Re: [PATCH v2 4/4] diff: mark any file larger than core.bigfilethreshold binary

Thomas Braun <thomas.braun@xxxxxxxxxxxxxxxxxxx> · Fri, 27 Jun 2014 20:56:17 +0200




Am 26.06.2014 19:55, schrieb Junio C Hamano:
> Nguyễn Thái Ngọc Duy  <pclouds@xxxxxxxxx> writes:
> 
>> Too large files may lead to failure to allocate memory. If it happens
>> here, it could impact quite a few commands that involve
>> diff.
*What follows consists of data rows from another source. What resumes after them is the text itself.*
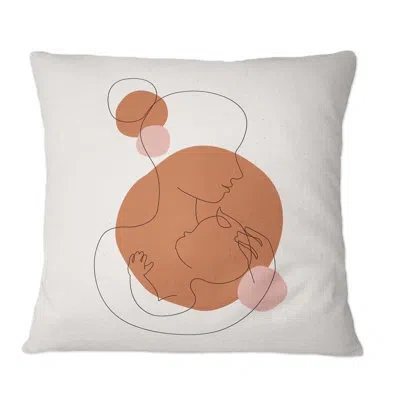 Design Art Abstract Mother With A Child In One Line Art - Glam Printed Throw Pillow In Brown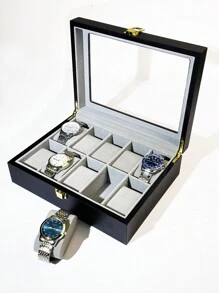 Black Matte Finish & Grey Interior Watch Box - Black Matte Paint - View 1
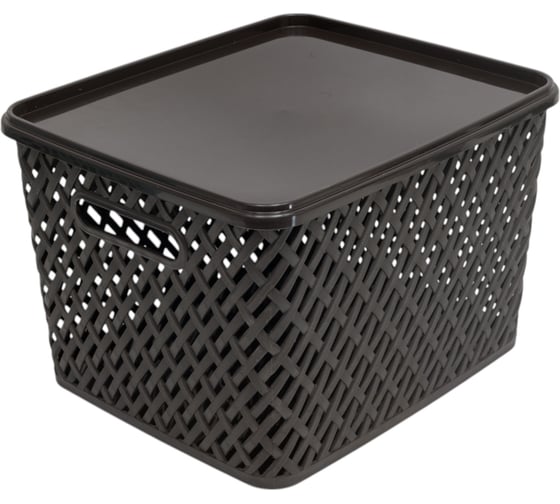 Изображение товара Корзина ЗПИ Альтернатива Плетенка 350x290x225 мм, с крышкой, коричневый М3553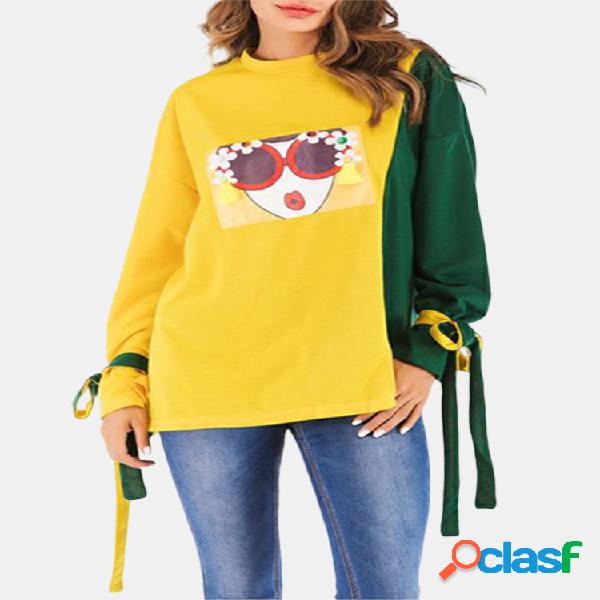 Patchwork Irregular Hem Imprimir Bow Sweatshirt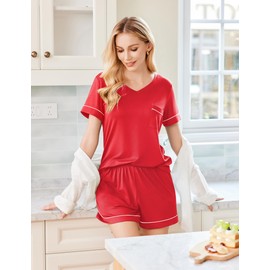 Ekouaer Pajamas Set for Women 2 Piece Sleepwear Short Sleeve Top and Shorts Soft V Neck Pjs Lounge Set with Pockets,Red,X-Large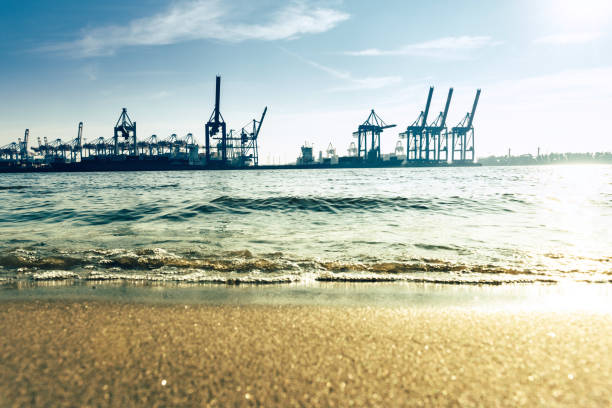 istock Elbe beach in Hamburg with Cargo cranes 1067576812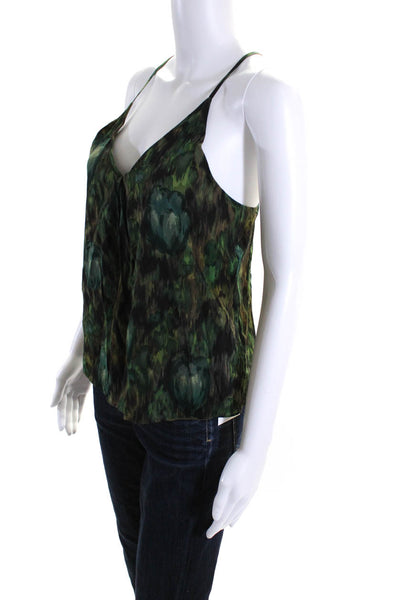 Alice + Olivia Womens Silk Ikat Print V Neck Tank Top Green Size Extra Small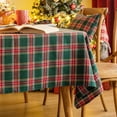 thumbnail image 4 of Red Tartan Plaid Snowflake Christmas Tablecloth, Winter Holiday Tablecloths for Rectangle Tables Parties Dining Farmhouse Kitchen Decor, 4 of 6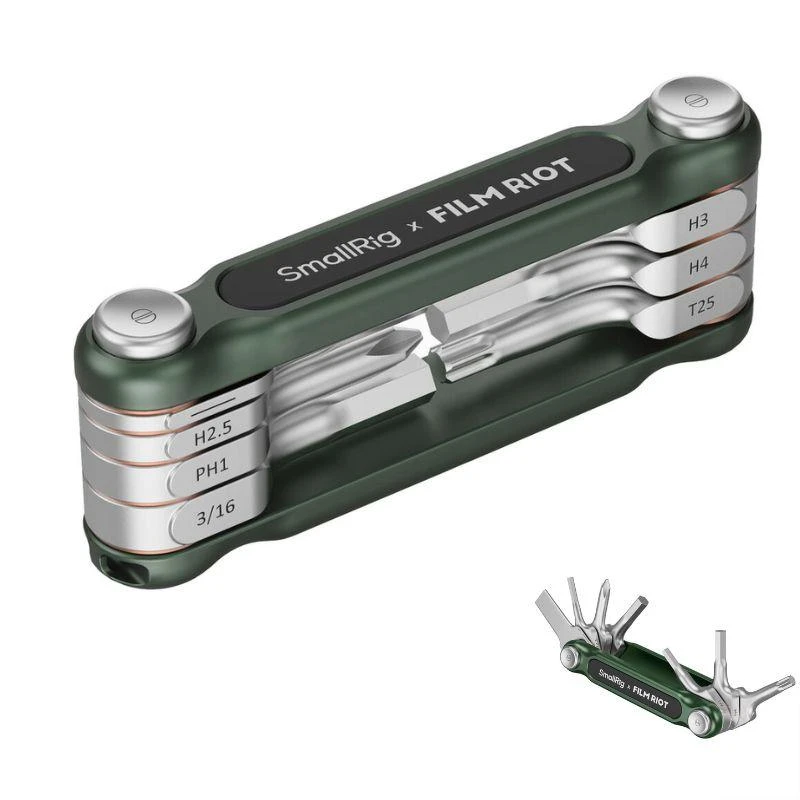 SmallRig X Film Riot 7-In-1 Folding Wrench Set With Multiple Angle Green  4812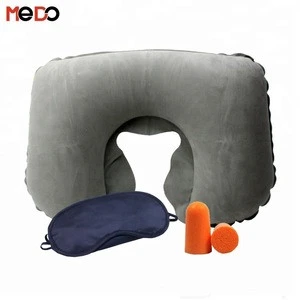 MEDO Air Inflatable Travel Neck Pillow and Eye Mask Case Set, airline amenity kit travel set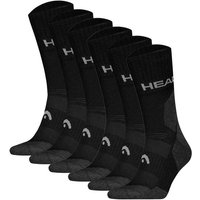 HEAD Unisex Wandersocken, 6er Pack - Hiking All Climates Crew, Sportsocken, Logo, Größe 35-38 in Schwarz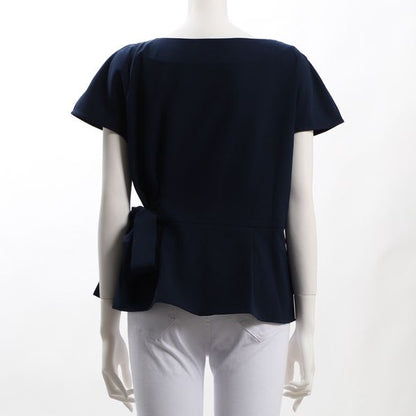 サイドリボンアシンメトリーペプラムブラウス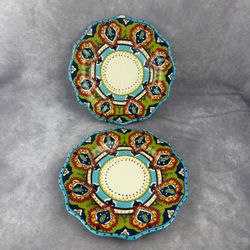 Tabletops ESPANA Bocca 11.5” Scalloped Dinner Plates Set of 2 Discontinued READ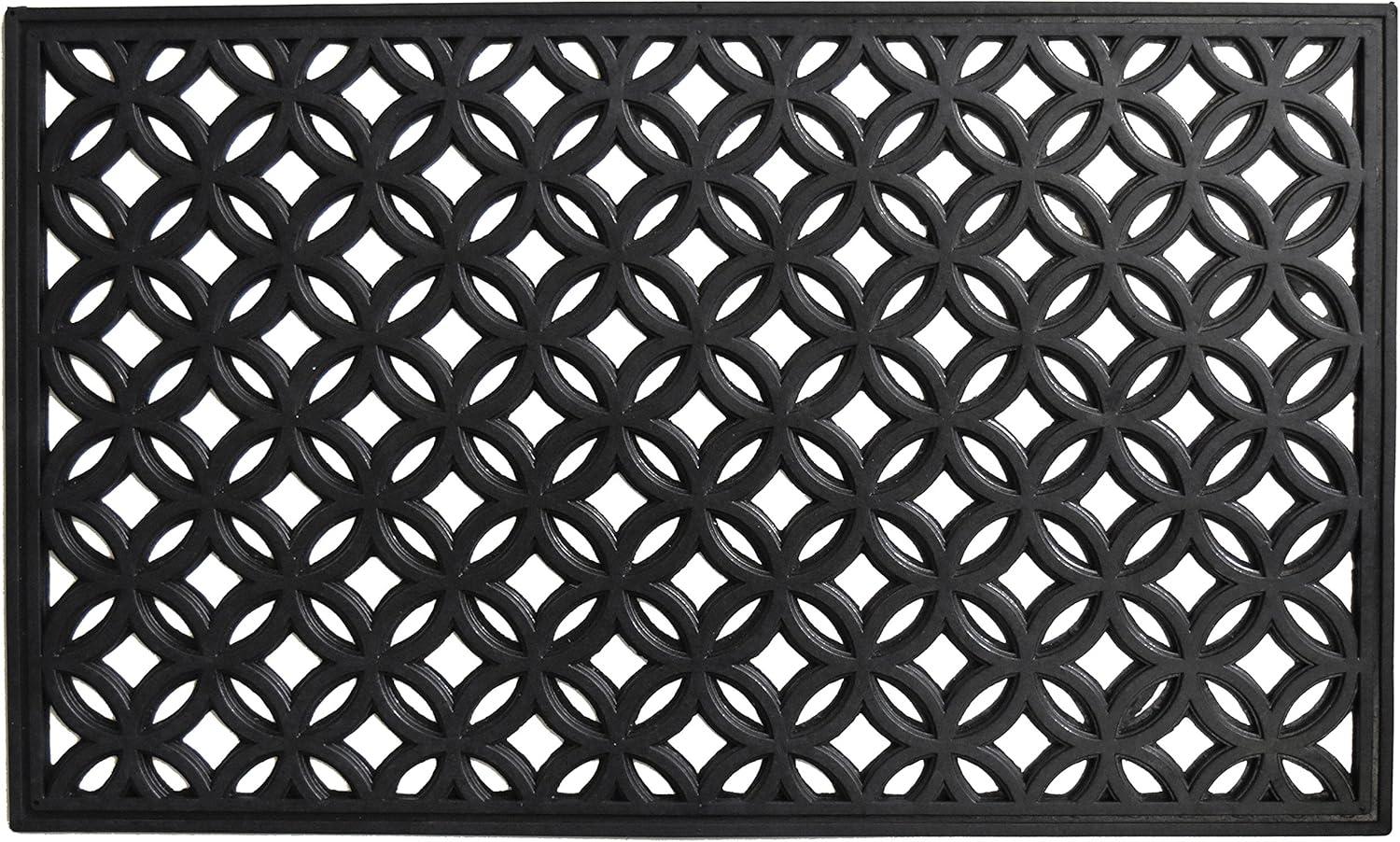 18 x 30 in. Circles Rubber Rectangular Doormat, Black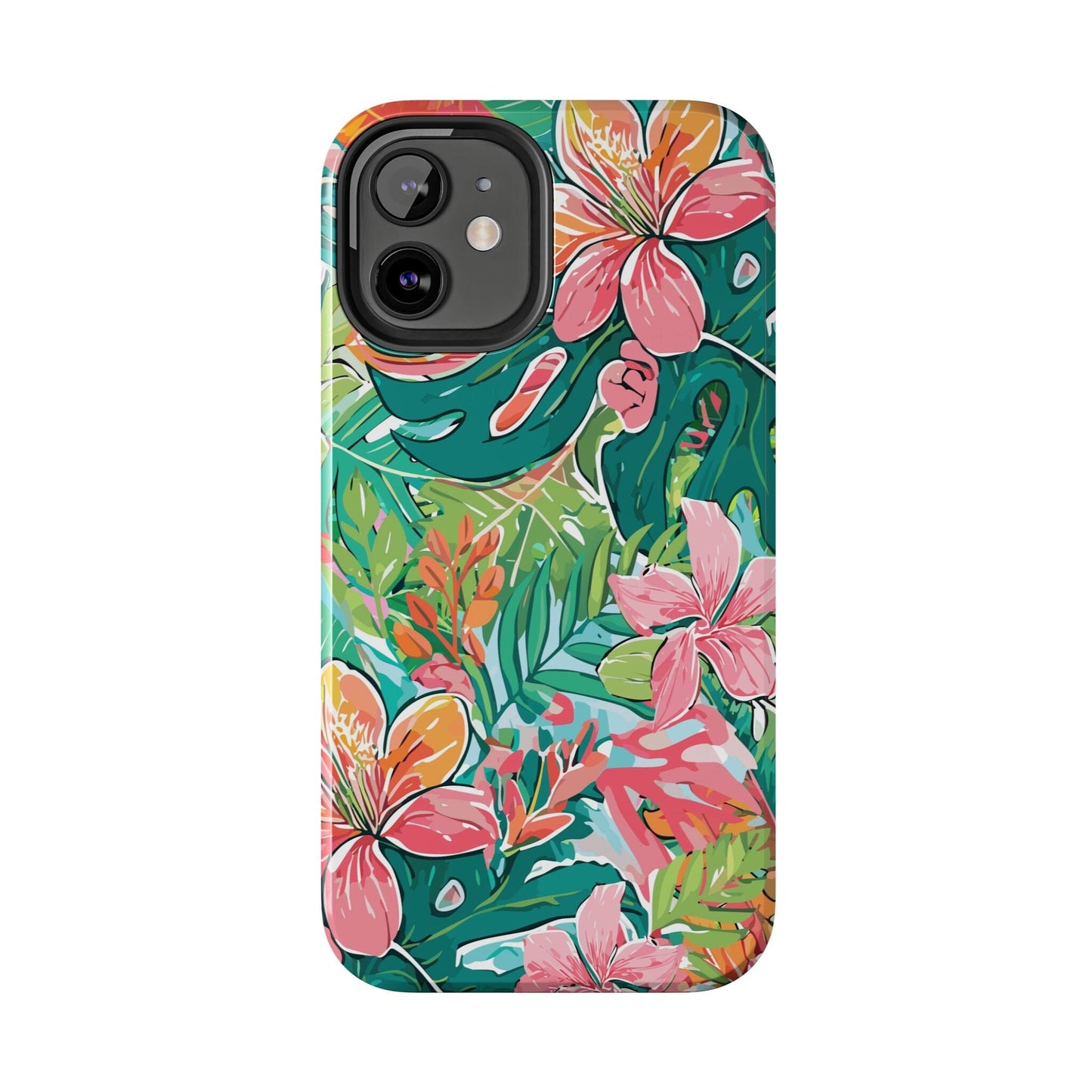 Tropical Brights Floral iPhone 16 Phone Cases • Designed to fit most iPhone and Samsung Models Phone Case Printify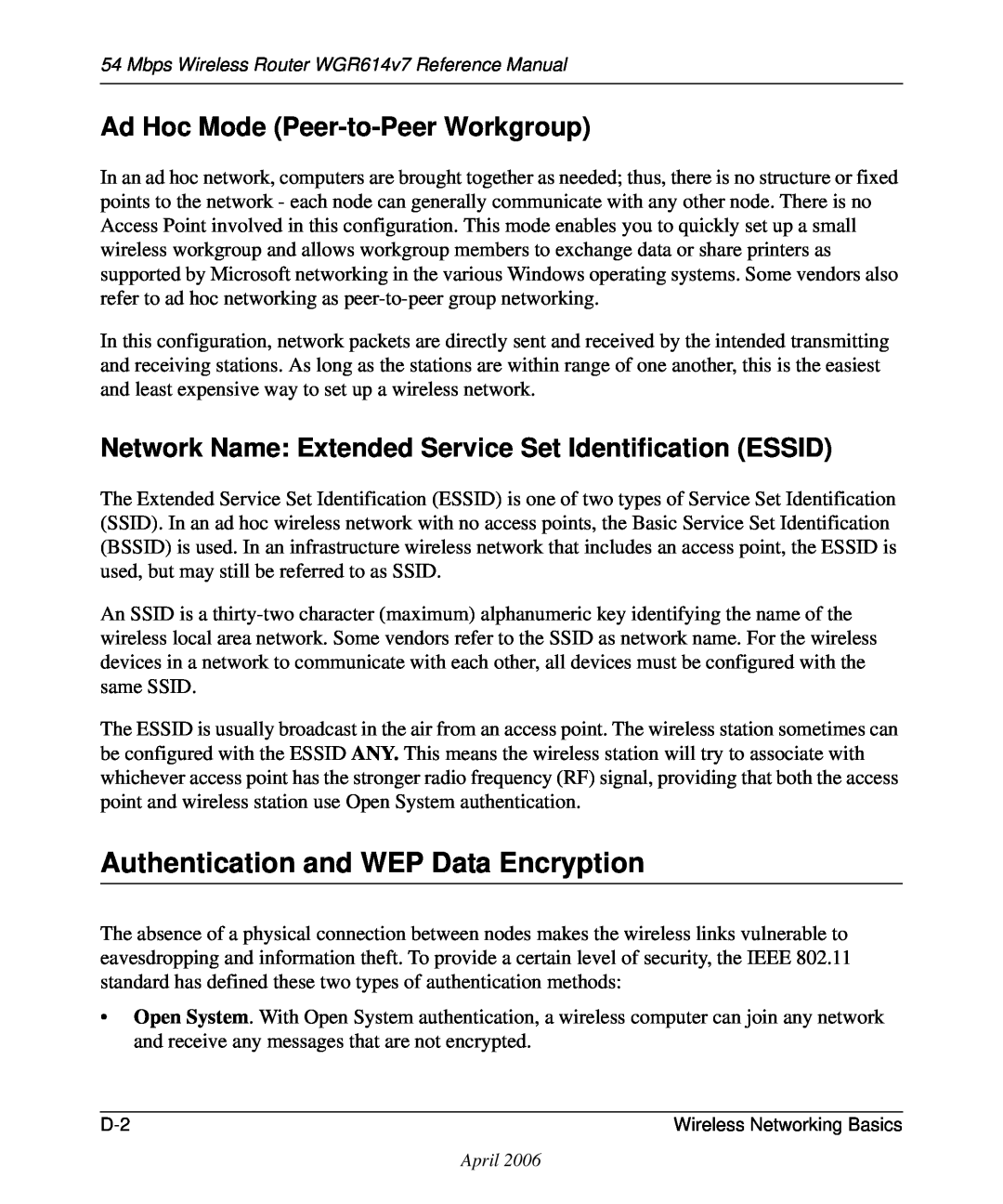 NETGEAR WGR614v7 manual Authentication and WEP Data Encryption, Ad Hoc Mode Peer-to-Peer Workgroup 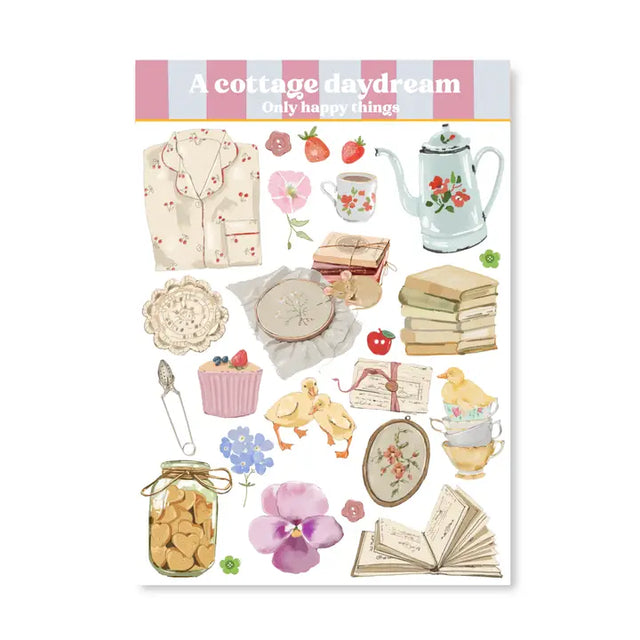 Bring a soft, cozy charm to your creative projects with this Cottage Daydream A6 sticker sheet. These stickers are perfect for journaling, scrapbooking, pen‑pal mail, planners, and all your creative projects.

A6 (105 x 148mm)&nbsp;
Printed on matt coated paper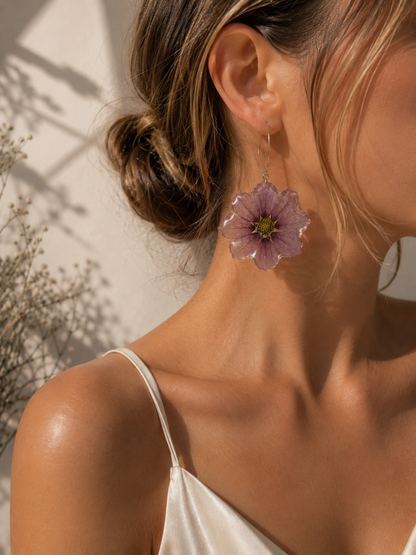 Purple Cosmos Earrings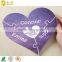 High quality beautiful heart shape handmade greeting card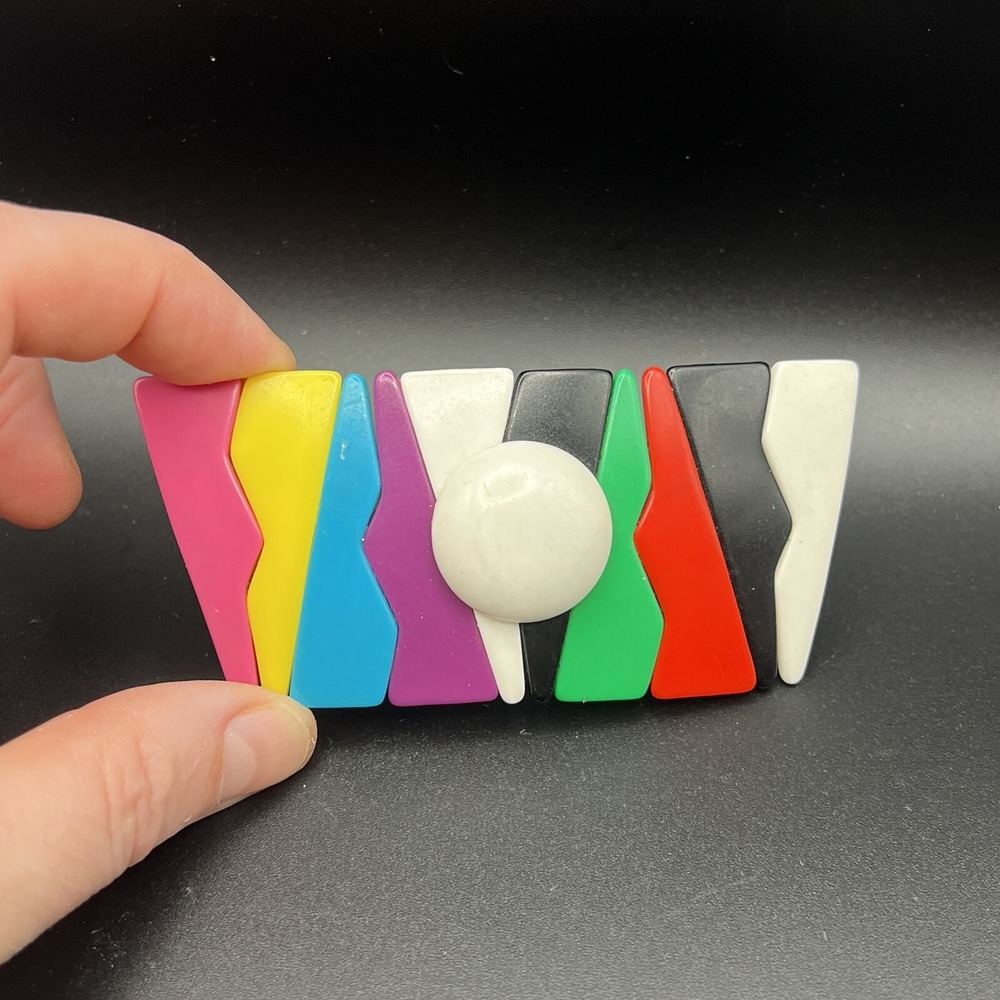 Vintage 80's Hair Clip Barrette Colorful‎ Geometric Shape 4"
Moreover, too large files are inefficient to compare anyway (and
>> most likely non-text), so mark them binary and skip looking at their
>> content.
>> ...
>> diff --git a/diff.c b/diff.c
>> index a489540..7a977aa 100644
>> --- a/diff.c
>> +++ b/diff.c
>> @@ -2185,8 +2185,8 @@ int diff_filespec_is_binary(struct diff_filespec *one)
>>  			one->is_binary = one->driver->binary;
>>  		else {
>>  			if (!one->data && DIFF_FILE_VALID(one))
>> -				diff_populate_filespec(one, 0);
>> -			if (one->data)
>> +				diff_populate_filespec(one, DIFF_POPULATE_IS_BINARY);
>> +			if (one->is_binary == -1 && one->data)
>>  				one->is_binary = buffer_is_binary(one->data,
>>  						one->size);
>>  			if (one->is_binary == -1)
> 
> The name is misleading and forced me to read it twice before I
> realized that this is "populating the is-binary bit".  It might make
> it a bit better if you renamed it to DIFF_POPULATE_IS_BINARY_BIT or
> perhaps DIFF_POPULATE_CHECK_BINARY or something.  For consistency,
> the other bit may want to be also renamed from SIZE_ONLY to either
> 
>  (1) CHECK_SIZE_ONLY
> 
>  (2) One bit for CHECK_SIZE, another for NO_CONTENTS, and optionally
>      make SIZE_ONLY the union of two
> 
> I do not have strong preference either way; the latter may be more
> logical in that "not loading contents" and "check size" are sort of
> orthogonal in that you can later choose to check, without loading
> contents, only the binary-ness without checking size, but no calles
> that passes a non-zero flag to the populate-filespec function will
> want to slurp in the contents in practice, so in that sense we could
> declare that the NO_CONENTS bit is implied.
> 
> But more importantly, would this patch actually help?  For one
> thing, this wouldn't (and shouldn't) help if the user wants --binary
> diff out of us anyway, I suspect, but I wonder what the following
> codepath in the builtin_diff() function would do:
> 
> 		...
> 	} else if (!DIFF_OPT_TST(o, TEXT) &&
> 	    ( (!textconv_one && diff_filespec_is_binary(one)) ||
> 	      (!textconv_two && diff_filespec_is_binary(two)) )) {
> 		if (fill_mmfile(&mf1, one) < 0 || fill_mmfile(&mf2, two) < 0)
> 			die("unable to read files to diff");
> 		/* Quite common confusing case */
> 		if (mf1.size == mf2.size &&
> 		    !memcmp(mf1.ptr, mf2.ptr, mf1.size)) {
> 			if (must_show_header)
> 				fprintf(o->file, "%s", header.buf);
> 			goto free_ab_and_return;
> 		}
> 		fprintf(o->file, "%s", header.buf);
> 		strbuf_reset(&header);
> 		if (DIFF_OPT_TST(o, BINARY))
> 			emit_binary_diff(o->file, &mf1, &mf2, line_prefix);
> 		else
> 			fprintf(o->file, "%sBinary files %s and %s differ\n",
> 				line_prefix, lbl[0], lbl[1]);
> 		o->found_changes = 1;
> 	} else {
> 		...
> 
> If we weren't told with --text/-a to force textual output, and
> at least one of the sides is marked as binary (and this patch marks
> a large blob as binary unless attributes says otherwise), we still
> call fill_mmfile() on them to slurp the contents to be compared, no?
> 
> And before you get to the DIFF_OPT_TST(o, BINARY), you memcmp(3) to
> check if the sides are identical, so...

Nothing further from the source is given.